- WORK INSTRUCTION -
Could you transcribe exactly the lines from the one containing "people kayaking on a tropical beach" through the last line of the records below, leaving out the pictures?

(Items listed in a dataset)

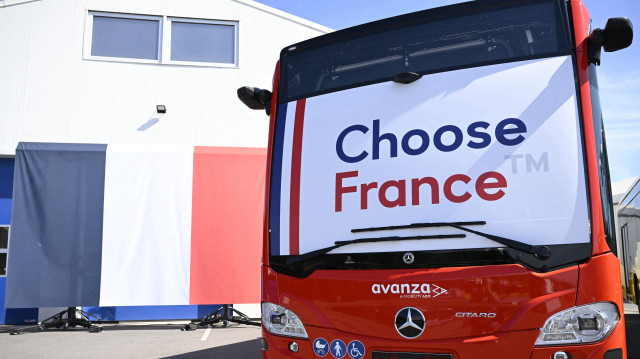Des autobus nouvellement fabriqués portant une bannière "Choose France" sont vus sur le parking de l'usine Evobus France à Ligny-en-Barrois, dans l'est de la France, le 19 mai 2025. Evobus est un constructeur allemand d'autobus et d'autocars, filiale du groupe allemand Daimler Truck.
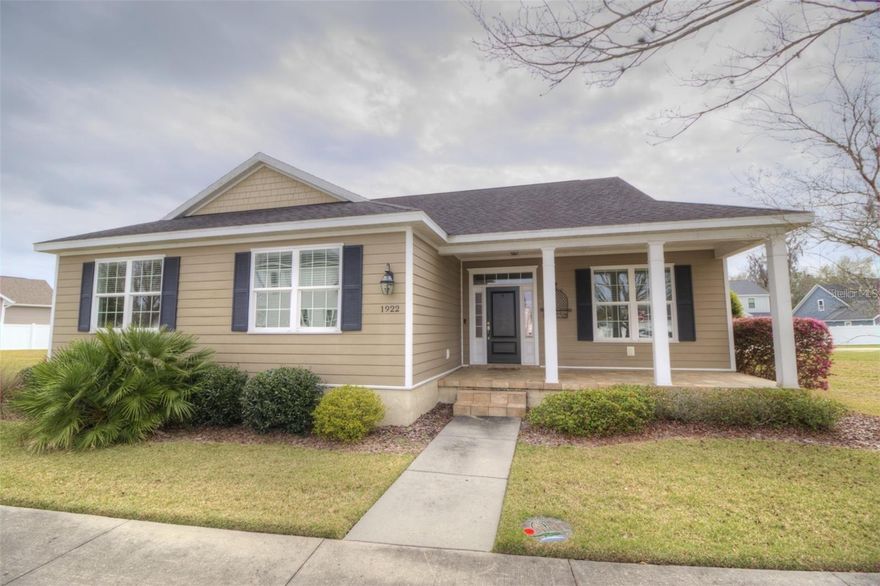 Designed and built by Crestwood Builders. Situated on 1 1/2 lots allowing maximum Curb Appeal and outdoor area functionality. This home is tastefully designed and offers an array of wonderful upgrades such as granite surfaces throughout, 2 large pantries, stainless steel appliances, and beautiful custom cabinetry in the sun-filled eat-in kitchen, split bedroom plan and instant hot water heater, and custom built-ins. New luxury vinyl plank flooring in the living room and formal dining room. The large primary bedroom features a ensuite with walk-in shower, double sinks and private water closet. The laundry room boasts a utility sink and an abundance of storage that is second to none. The backyard is a special place for gathering with friends and family as you sit and relax with that glass of wine or cool beverage. Because of the way this home is situated you are protected from the late day sun. Dedicated 220v automobile charging receptacle in garage. Call to preview this charming home in this quaint front porch community.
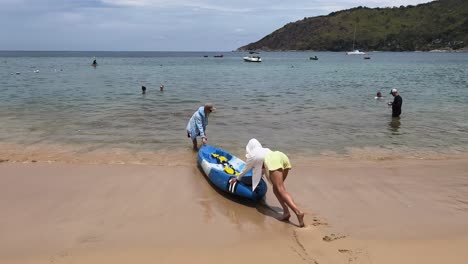 people kayaking on a tropical beach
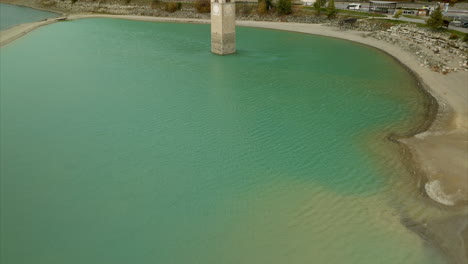 aerial tilt-up reveals sunken old bell tower in the middle of lake resia alongside a quaint village and coniferous forest during summer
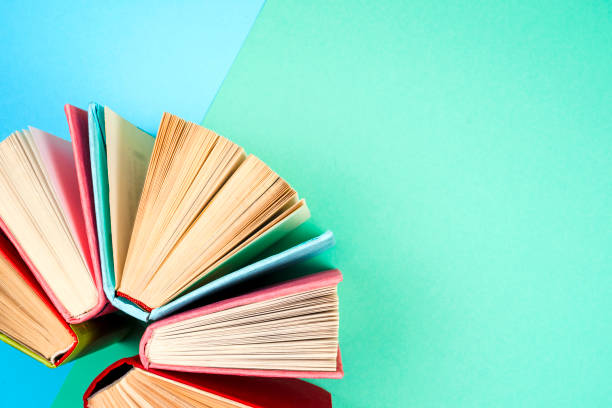 top view of bright colorful hardback books in a circle. - brown paper imagens e fotografias de stock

- EXERCISE SOLUTION -
 people kayaking on a tropical beach
 aerial tilt-up reveals sunken old bell tower in the middle of lake resia alongside a quaint village and coniferous forest during summer
 top view of bright colorful hardback books in a circle. - brown paper imagens e fotografias de stock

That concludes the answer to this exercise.